Project description:Multivariate analysis using mixed models allows for the exploration of genetic correlations between traits. Additionally, the transition to a genomic based approach is simplified by substituting classic pedigrees with a marker-based relationship matrix. It also enables the investigation of correlated responses to selection, trait integration and modularity in different kinds of populations. This study investigated a strategy for the construction of a marker-based relationship matrix that prioritized markers using Partial Least Squares. The efficiency of this strategy was found to depend on the correlation structure between investigated traits. In terms of accuracy, we found no benefit of this strategy compared with the all-marker-based multivariate model for the primary trait of diameter at breast height (DBH) in a radiata pine (Pinus radiata) population, possibly due to the presence of strong and well-estimated correlation with other highly heritable traits.

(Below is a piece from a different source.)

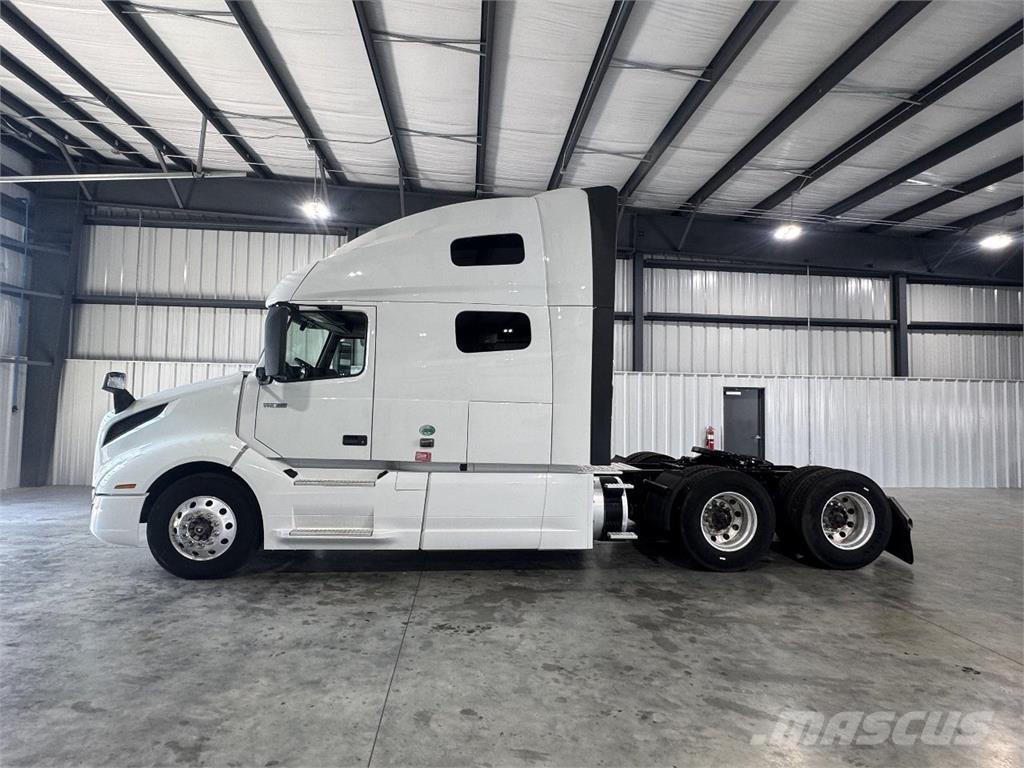 Volvo VNL760 Vetopöytäautot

Conversely, we did see benefit in a shining gum (Eucalyptus nitens) population, where the primary trait had low or only moderate genetic correlation with other low/moderately heritable traits. Marker selection in multivariate analysis can therefore be an efficient strategy to improve prediction accuracy for low heritability traits due to improved precision in poorly estimated low/moderate genetic correlations. Additionally, our study identified the genetic diversity as a factor contributing to the efficiency of marker selection in multivariate approaches due to higher precision of genetic correlation estimates.